Motherhood Does Not Define Me; It Makes Me A Better Person
A writer. Photographer. Cook. Researcher. Reader. Fashion Lover. Sales Support Representative.
Of all these things, the thing I love the most is being a mother.
But, motherhood is only a tiny facet of who I am.
It does not define me.
I had my son later in life than most … right before I turned 35. My husband and I were married for nine years before we had our son, and in doing so, I was also able to really discover who I am as a person and wife, first and foremost. I discovered a love for creative things like writing, painting, crafts, and photography. I was able to travel and see places I had only dreamed about growing up as a little girl. I was able to cross many things off my bucket list, go to the top of the Empire State Building, ride bikes across the Golden Gate Bridge, hike in Red Rock Canyon, and the most memorable, go to the top of the Eiffel Tower. I saw tenements in Mexico; I saw the homeless struggle in New York City. I gained a new appreciation for the kindness of strangers when we traveled to San Francisco in October 2005, just a few months post Katrina. I discovered the things that I truly LOVED in life: my family, good food, seeing things in a different light, and then turning them into photographs, meals, and short stories about my experiences.
I was able to make new friends and learn about my hobbies in detail. I was able to hone my skills as a writer by independently blogging about whatever was on my mind. I even joined a writers’ group hoping to maybe get the inspiration to write my first novel. I connected and then spent the day with a writer I admired for her openness and the way she was so candid to share her struggles and she inspired me to live life in meaningful way. I was able to learn how to cook Cajun classics like the generations before me, and I learned from the best on how to embrace life and all that comes with it. My husband and I were able to get to know each other well, and we gained life experiences over those years that also strengthened our bond and relationship, and I began to grow not just as a person, but also as a wife.
However, one of my biggest fears when I was approaching motherhood was the thought that I may lose my identity. I was afraid I would no longer be Andie; I would be “Someone’s Mom.”
As someone who thinks creatively and loves to embrace life and all of its adventures, I had a huge fear of not being thought of as anything other than someone’s mother. At the same time, I wanted to be something more in life than just someone who liked to take pictures, cook delicious food, or travel around the world with my husband. I felt like I needed another little facet in the jewel of my life to make me fully shine and be my best self.
Then I became a mother.
For a little while, I thought maybe I was destined to just be “Andrew’s mom.” Life changed in so many ways. I didn’t worry about planning vacations, photography excursions, or coming up with inventive new recipes to try out on family and friends. Instead, I was knee deep in day care drop off, nap time, school functions, etc. But as my son has gotten older, I have realized so much more.
Motherhood has changed me and made me a better person.

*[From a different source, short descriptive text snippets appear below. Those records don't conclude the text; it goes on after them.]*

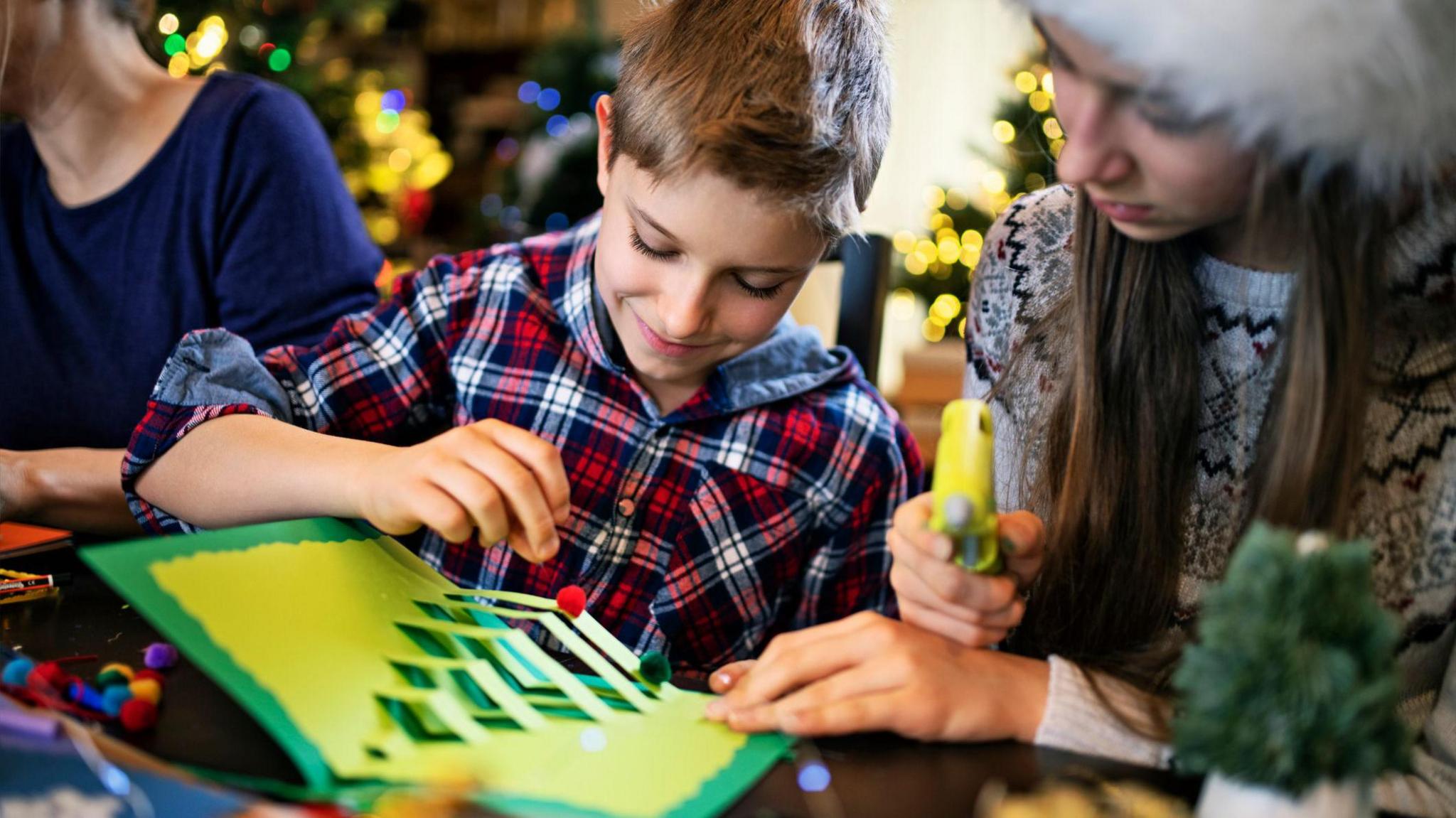 A child makes a Christmas card at home with siblings.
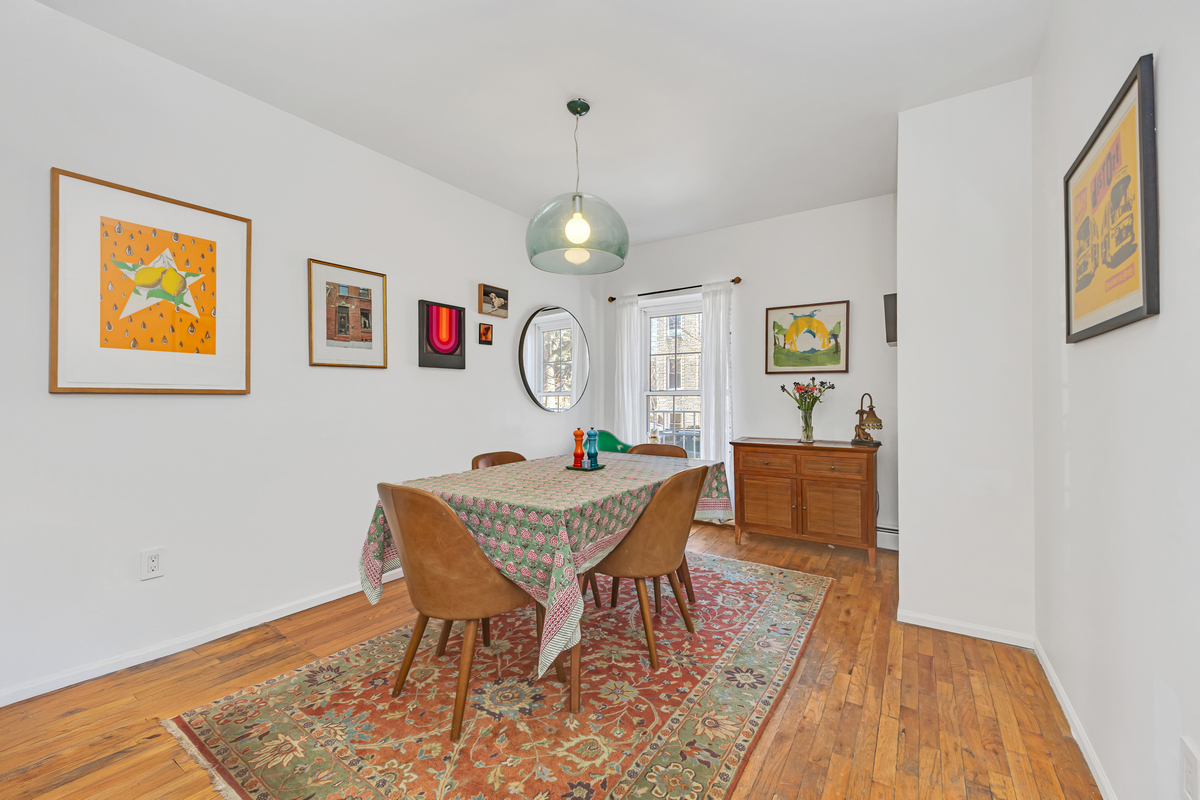 503 Clinton Street, Unit 1 Brooklyn, NY 11231 - Photo 3 of 16 a view of a dining room with furniture and wooden floor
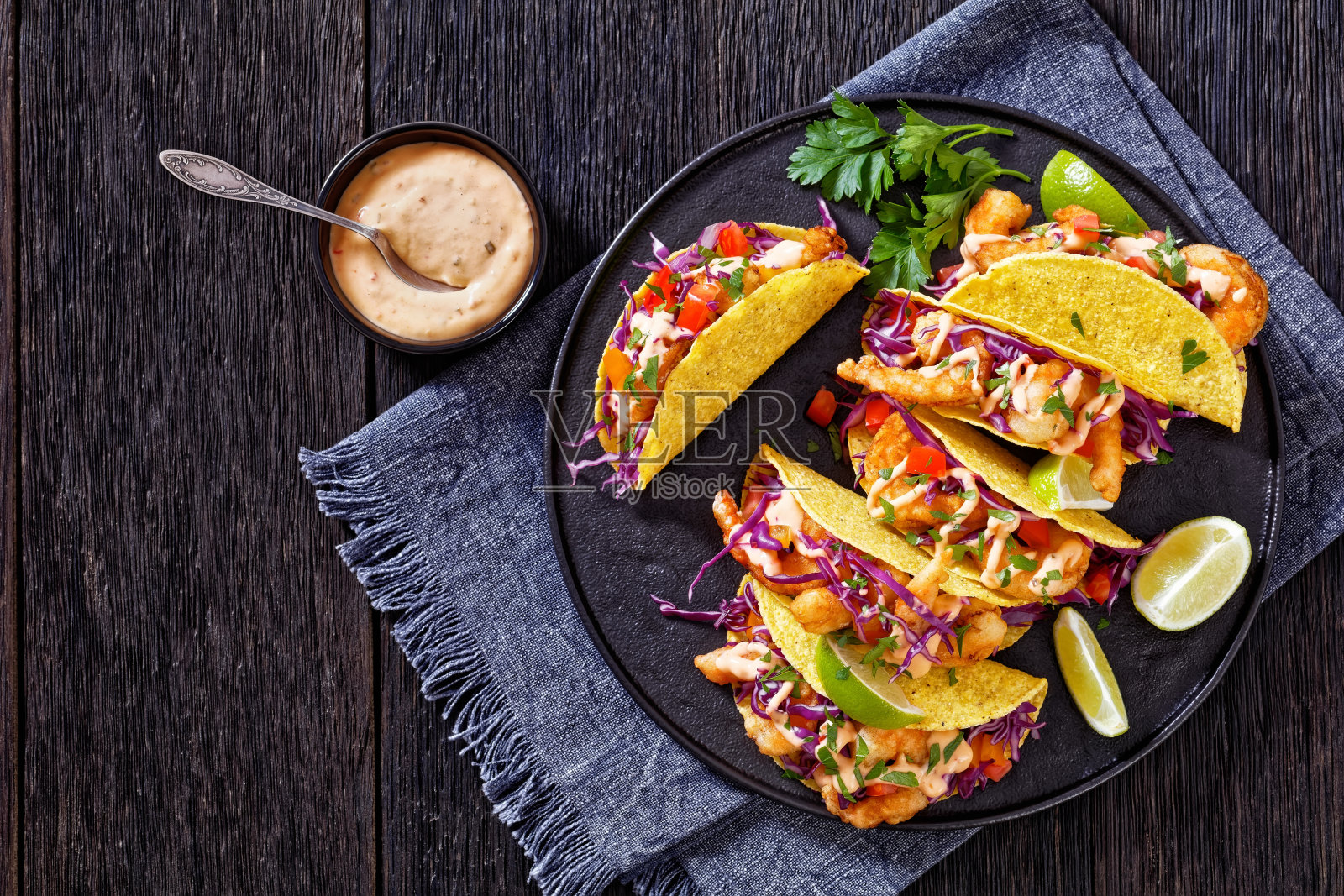 炸虾玉米饼，黑色盘子配酱汁照片摄影图片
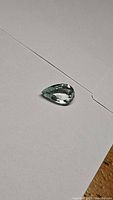 Pear-shaped aquamarine gemstone on white background showing full shape and clarity.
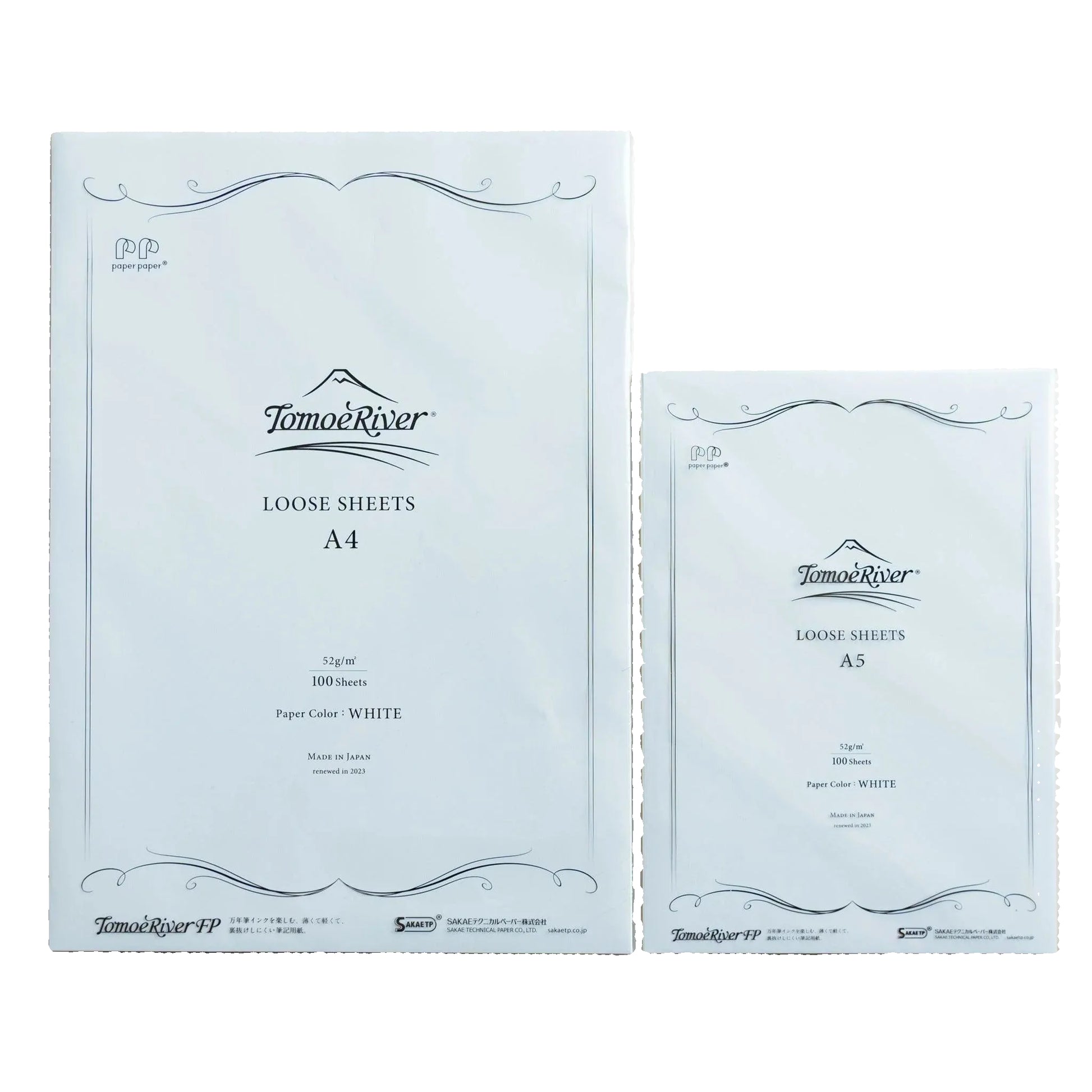 Two packages of Tomoe River loose sheets on a white surface
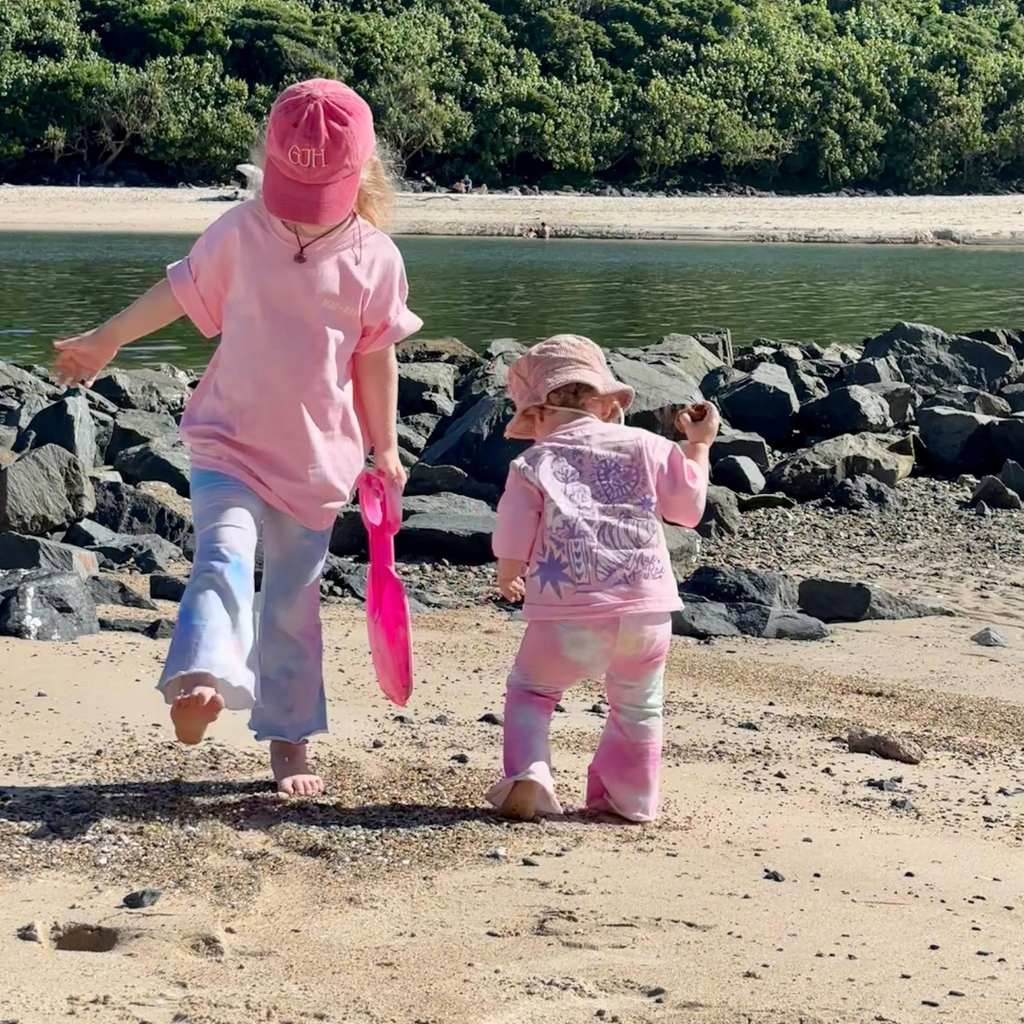 Two kids walking on the beach in Baby Pink Dreamers Tees, one in blue and one in pink Stardust Flares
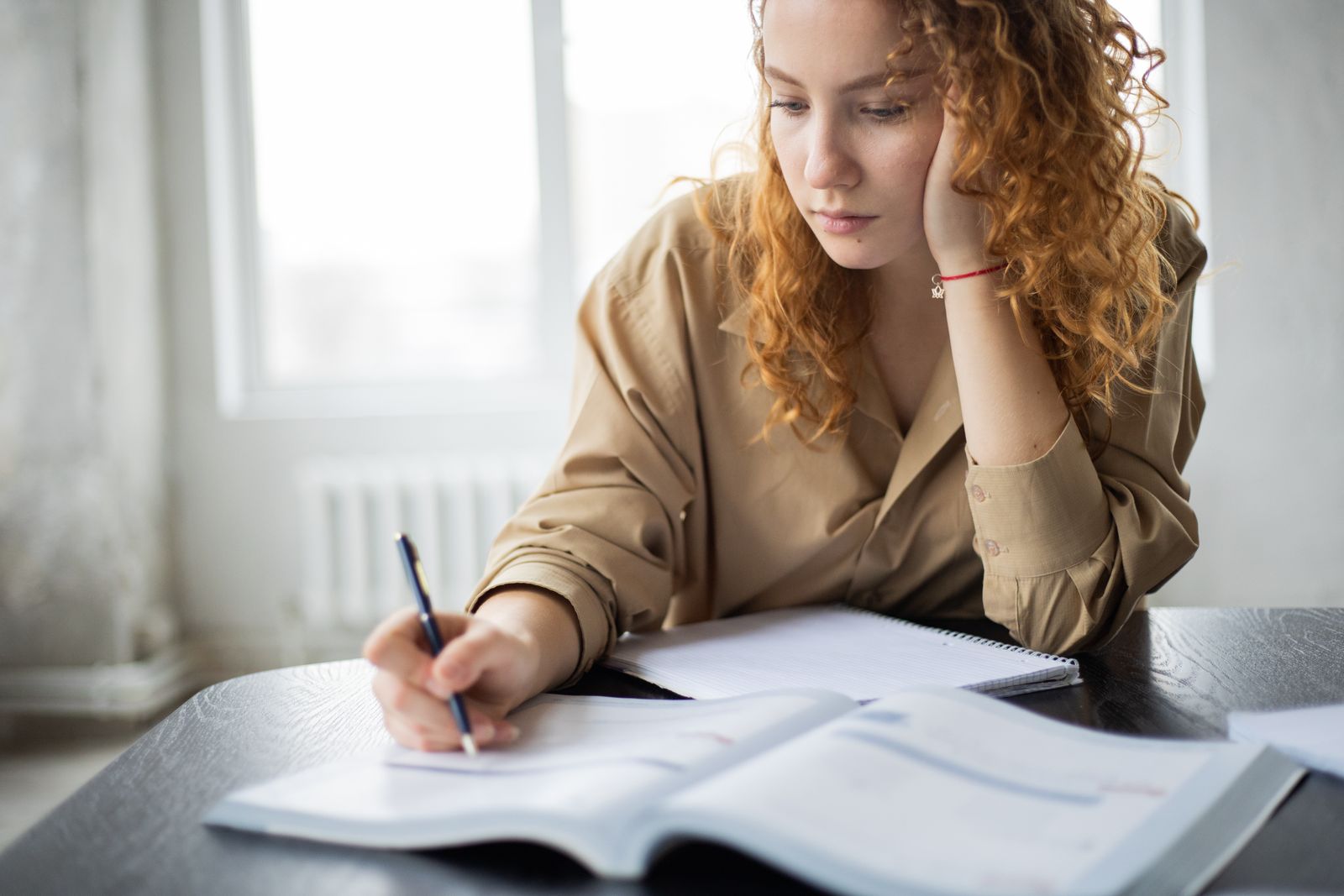 Diligent female student with copybook leaning on hand and taking notes in textbook at wooden table while studying in room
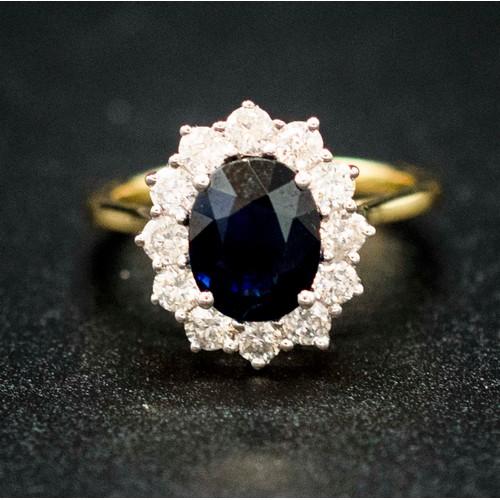 45 - 18CT YELLOW AND WHITE GOLD OVAL SAPPHIRE AND RBC DIAMOND CLUSTER RING. Sapphire 3.03ct. Diamonds 0.8... 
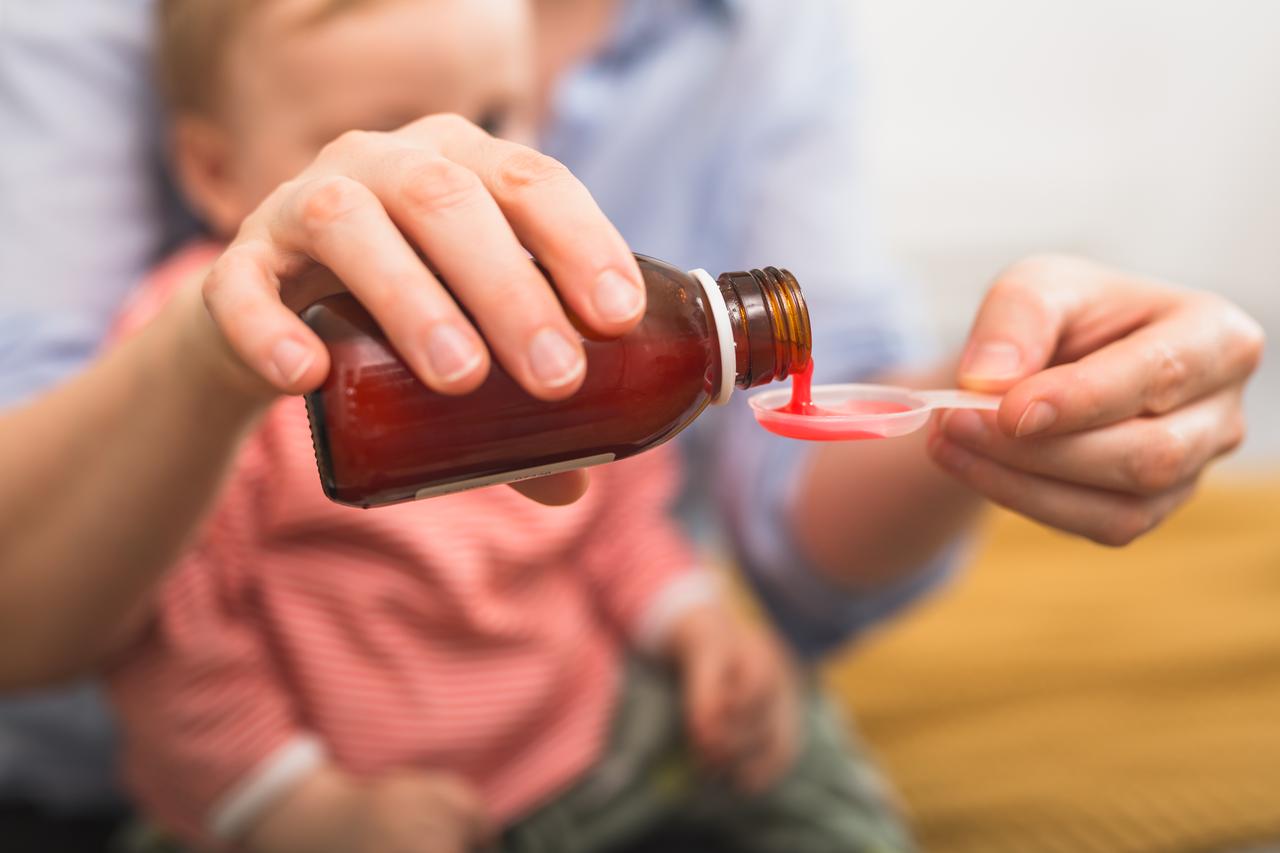A caregiver pours liquid acetaminophen into a dosing spoon to administer medicine to a child. (Adobe Stock Photo)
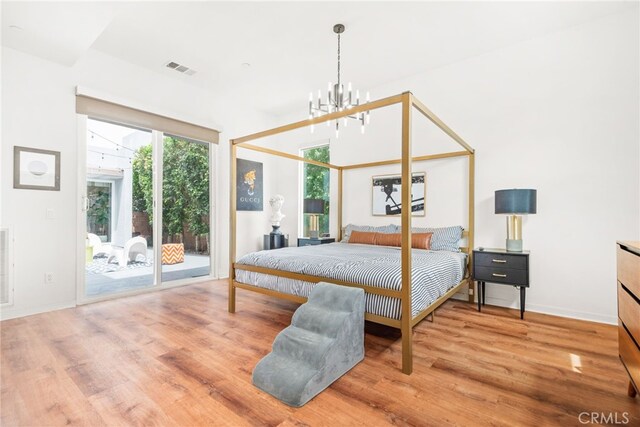 4934 Herzog Way, Palm Springs, CA 92262 - bedroom featuring access to exterior, wood finished floors, and a chandelier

It makes me think deeper, love harder, experience life in a much different way. Before, I was very steadfast in my beliefs and I had no room for other perspectives. Now, I am more compassionate and look at all sides of a situation. I find it much easier to picture myself in someone else’s shoes; therefore rendering me more compassionate. I still embrace all of my hobbies, and now, my son is a big part of them. He is my favorite subject for my photography. I love bringing him in the kitchen with me to cook, and I love taking him places and seeing his reaction to the world around him. It is pretty awesome.
Being a mother has made me kinder, more thoughtful, and more vulnerable, too. Having a tiny extension of yourself out in the world made me realize that I am really truly living with my heart on my sleeve and that my emotions are far stronger than ever. I do things now with purpose and I want to be the best person I can be because I want to set the best example I can for my son. My son inspires me to be a better person.
I have always believed that love is when your partner makes you want to be a better person. When you have a child, that concept is magnified. Having a child made me a mother, but he was the one who gave me the shine to the many facets of my personality.